> _What is expected_: The copy must run from the line containing "De Utrechtse Heuvelrug - Soester Duinen" through the final line of the records, both included, exactly as written. It should contain no pictures.

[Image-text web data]
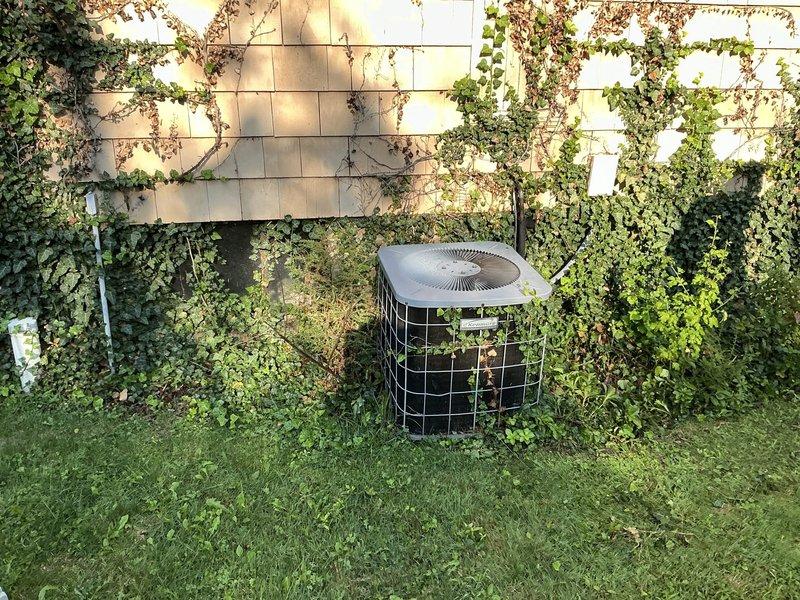 Performed comprehensive diagnostic evaluation of existing HVAC system and presented full system replacement options to customer. Assessed outdoor condensing unit currently positioned against exterior wall with vine coverage, noting equipment accessibility and installation conditions. Reviewed equipment specifications from manufacturer data plate and provided detailed estimates for complete air conditioning system replacement alternatives.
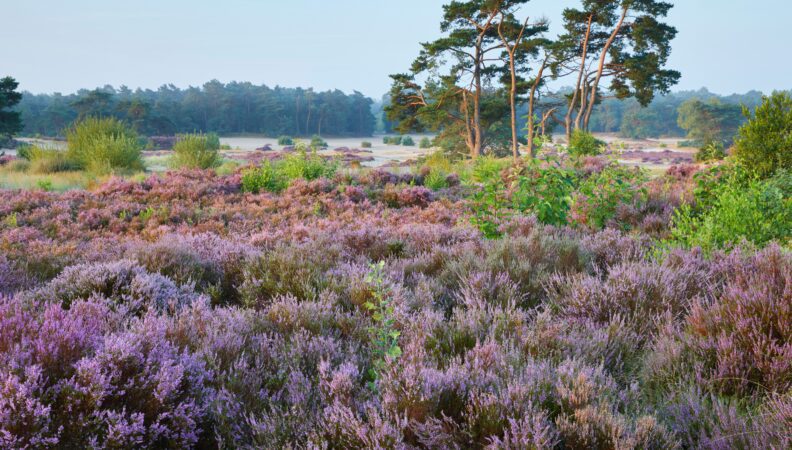 De Utrechtse Heuvelrug - Soester Duinen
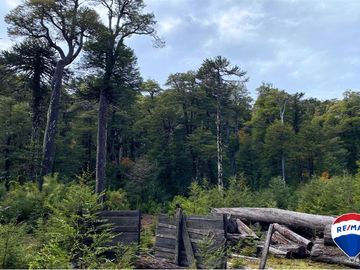 SE VENDE CAMPO PARA INVERSIÓN - HUIFE PUCON CHILE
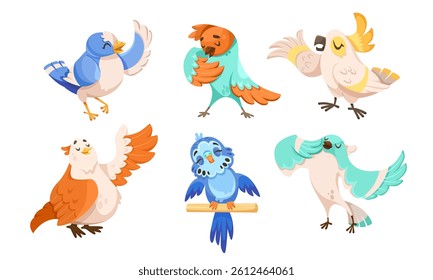 Cute Bird with Feathers Singing Song Vector Set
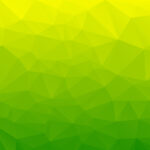 Evaluating Eco-Friendly Insulation Options
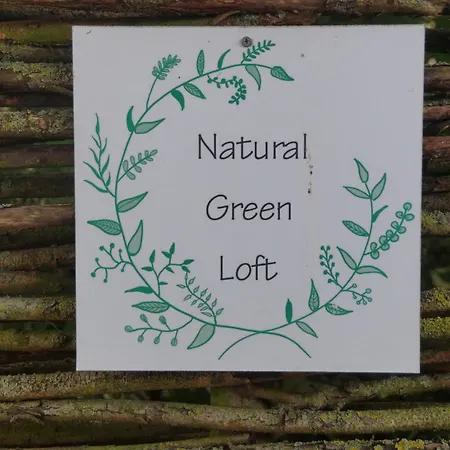 Natural Loft 卑尔根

> _Reply_:
 De Utrechtse Heuvelrug - Soester Duinen
 SE VENDE CAMPO PARA INVERSIÓN - HUIFE PUCON CHILE
 Cute Bird with Feathers Singing Song Vector Set
 Evaluating Eco-Friendly Insulation Options
 Natural Loft 卑尔根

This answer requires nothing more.